Experts harbor doubts about the reliability of Labor Department numbers, which are derived from reports by state agencies that collect data from community colleges and employment offices whose training funds are dependent upon reaching benchmarks. Twice the Labor Department had to correct the data it supplied for this article.
"The states play all sorts of games," said Eisenbrey, the Economic Policy Institute expert.
Nationally, prospective trainees are often steered into programs by counselors at community colleges and employment centers who lack awareness about which industries are hiring.
In the suburbs of Philadelphia, Eric Nelson left a job at a credit union call center in late 2004 to enroll at a state college.
There, the career services department helped him choose a course of study by consulting job growth projections. The result led to geographic information systems -- the mapping of data by place.

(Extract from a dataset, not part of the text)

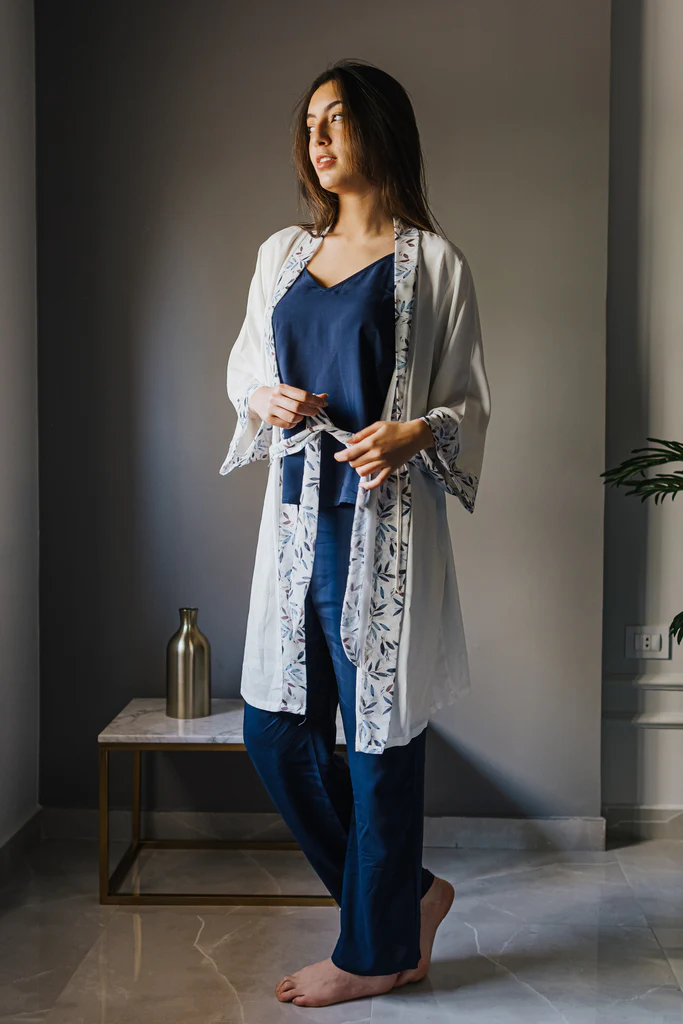 Women summer 3 piece pajama set Dark blue leaves kimono + Dark blue top & Pants - Image 3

"It seemed like the thing to do," Nelson recalled, adding that professors and his guidance counselor assured him he would easily land an entry-level job paying $35,000 a year.
But when Nelson, 42, graduated with his bachelor's degree in May 2008, facing nearly $50,000 in student loan debt, he was horrified to discover that graduates greatly outnumbered jobs.

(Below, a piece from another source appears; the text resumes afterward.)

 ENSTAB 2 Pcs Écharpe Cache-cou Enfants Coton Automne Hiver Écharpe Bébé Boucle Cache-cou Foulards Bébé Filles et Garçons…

"I've had no offers at all," he said.
He is now living off his wife's wages as a librarian and contributions from his parents.
Even programs with successful track records tend to be focused on people who are easier to employ -- those with substantial skills and experience.
In late 2007, in the Minneapolis suburbs, Hennepin Technical College joined with local employers to help workers laid off from area factories secure new jobs.
The new program, WorkFast, aimed to quickly prepare laid-off workers for new jobs in medical devices and other growing areas of manufacturing.
Since the program began, some 80 percent of its roughly 250 graduates have secured jobs, according to Hennepin Tech -- among them David Gustafson.
Gustafson registered for the WorkFast program and added the mere fact of his enrollment to his resume. In February, just as he was drawing his final unemployment check, he got a job from a Swiss machine shop for $19 an hour.
A 2006 study prepared for the Labor Department found virtually no benefit for 8,000 randomly selected recipients who entered federally financed training programs in 2001 and 2002. In the year before their training, these people earned about $20,000 a year on average, according to the study. During the 15 months after their training, roughly 80 percent of these people were employed at some point, but their earnings in that period averaged about $16,000.
Among those who have this year completed training arranged by New York City's Workforce1 centers, half have found employment, according to the city.
But not Valle. As his 50th birthday approaches, he is living with his parents, unable to pay rent on an unemployment check.
After he completed classes, the first interview his caseworker arranged was at a Family Dollar store in Brooklyn. It paid $11 an hour. Still, he figured he was in no position to be choosy, so he went, assuming he was the only one being dispatched to the interview. When he got there, nearly 50 people were waiting in a stifling warehouse. Some had been there for more than two hours.
He waited an hour, standing because the crowd vastly exceeded the available chairs; because the applicants vastly exceeded the lone job on offer -- an equation not altered by his upgraded proficiency in Microsoft Word.
"It was crazy," he said. "I got so fed up that I walked out."